Dopo il servizio di Haaretz, tutta la stampa israeliana e quella ebraica in varie parti del mondo hanno ripreso l’argomento suscitando grande scalpore e una rapida retromarcia di Simpson, che in un secondo video ha spiegato: «Il proselitismo in Israele è un argomento molto delicato. Non si può provare a convertire degli ebrei, non si può cercare di farli diventare cristiani, cosa che non è nostra intenzione. […] Il nostro canale mira ad aiutare gli spettatori israeliani a capire che Gesù non è un estraneo o un impostore. È Yeshua, il Messia nato a Betlemme. I nostri fratelli e sorelle ebrei messianici non si convertono. Continuano a vivere la loro vita da ebrei. Credono semplicemente che Yeshua è il messia e lo seguono».

Poca trasparenza

Lo scopo del canale via cavo sarebbe quindi quello di «persuadere gli ebrei in Israele a riconoscere Gesù come il Messia senza rinunciare al giudaismo». Una sfumatura che non ha convinto.

Dopo aver inizialmente dichiarato che il canale ebraico, che ha avviato le trasmissioni in aprile, è destinato solo ai cristiani, il Comitato israeliano per i canali via satellite e via cavo ha annunciato che l’emittente potrebbe essere chiusa per carente trasparenza circa il contenuto della sua programmazione. Haaretz, in un nuovo articolo, riferisce che gli organismi competenti stanno riesaminando il caso dopo un confronto con Hot.

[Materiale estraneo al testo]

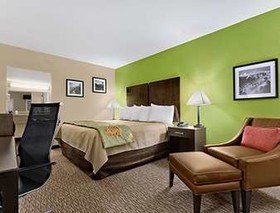 Quality Inn Asheville Downtown Tunnel Road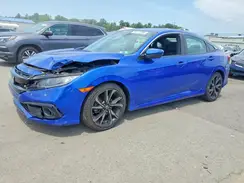 2HGFC2F8XKH543625 2019 HONDA CIVIC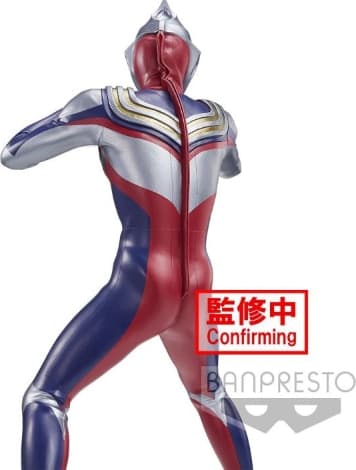 Statua Ultraman Tiga Hero'S Brave Ver.A - 2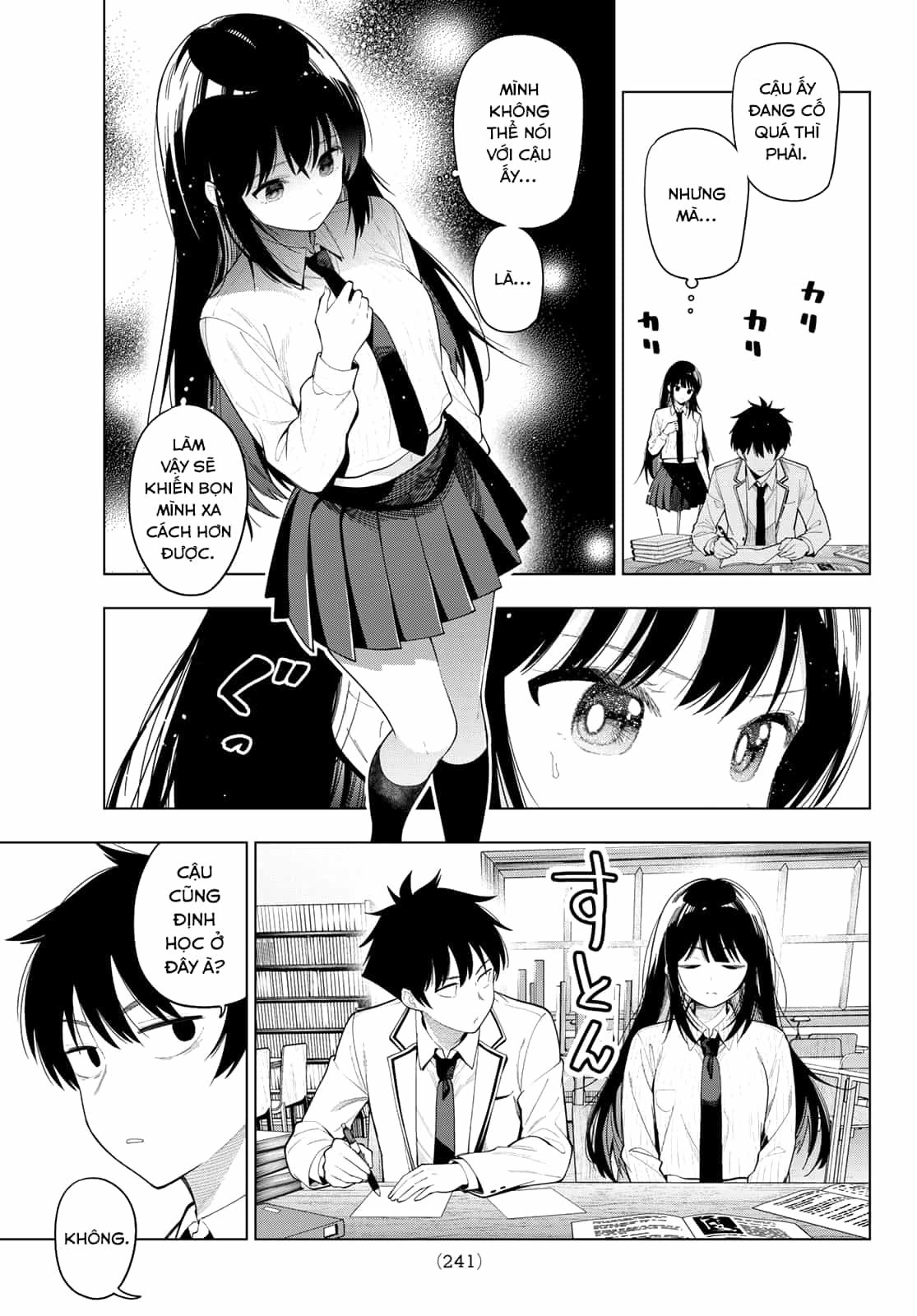 Mayonaka Heart Tune - Chương 126 - ảnh 15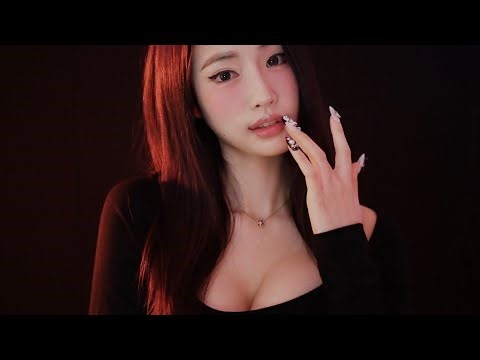 You Can’t Look Away… 💋 (Intense Eye Contact ASMR)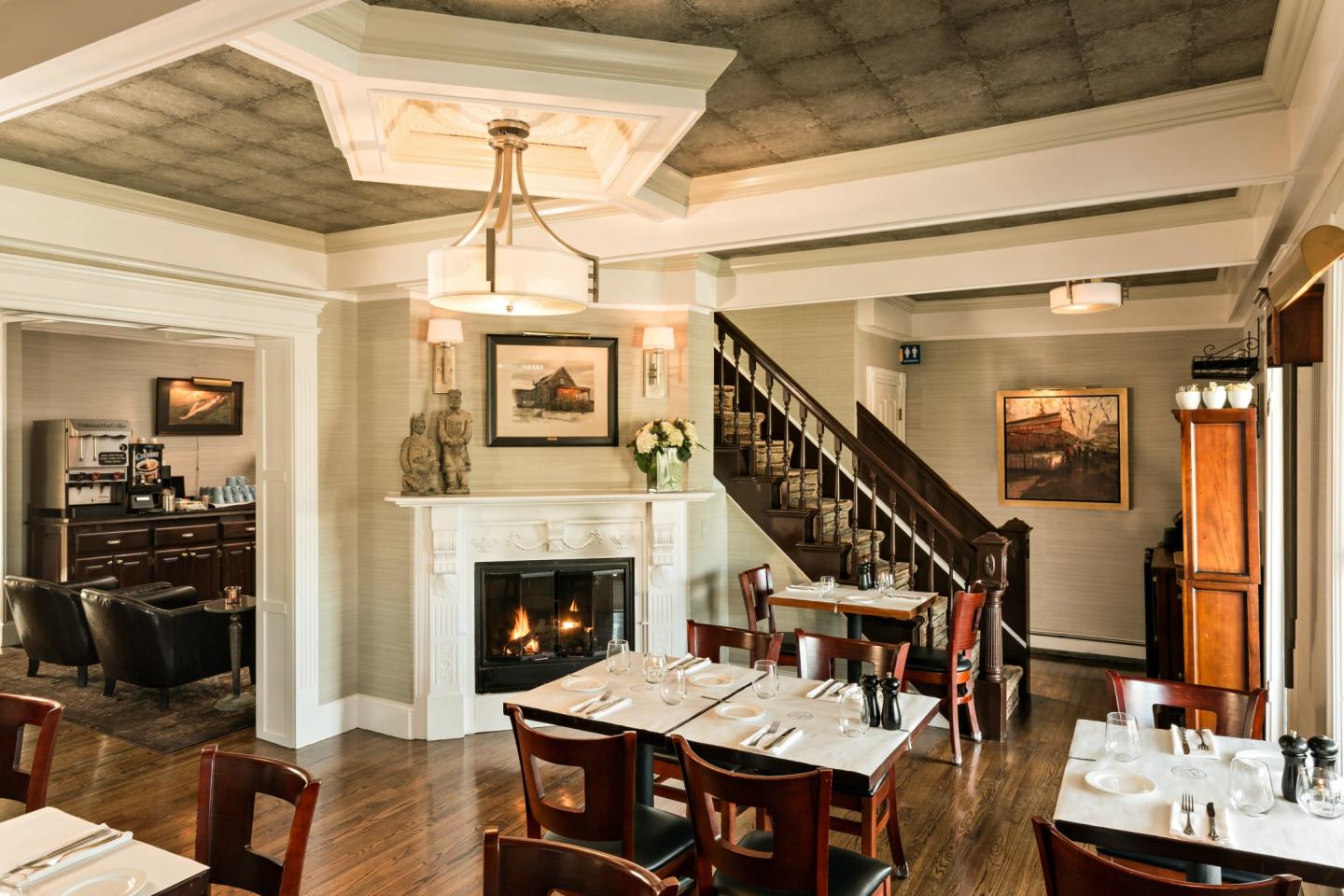 The Pointe Restaurant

Mentre il canale Shelanu è sotto inchiesta, l’amministratore delegato di God Tv non disarma. In un nuovo videomessaggio sottolinea il sostegno del suo movimento allo Stato di Israele, in linea con la posizione dell’International Christian Embassy of Jerusalem, organismo di rappresentanza e coordinamento nella Città Santa degli evangelici statunitensi filo-israeliani.

Quella che ormai ha assunto i toni di una telenovela fa toccare con mano a un buon numero di israeliani le conseguenze di un partenariato sempre più stretto con i movimenti evangelici «sionisti cristiani», i quali, anche quando suggeriscono all’orecchio del presidente Donald Trump la condotta  da tenere a sostegno di Israele e della sua politica di colonizzazione, non possono più nascondere il fine ultimo della loro azione: non solo accelerare il ritorno del Messia offrendogli un «grande Israele», ma anche convertire gli ebrei.

I governi israeliani guidati da Benjamin Netanyahu hanno quest’ultima parte del discorso, accettando il sostegno politico e finanziario da questi partner insperati e molto influenti al Congresso degli Stati Uniti. Il prezzo da pagare potrebbe non essere indolore per il popolo ebraico.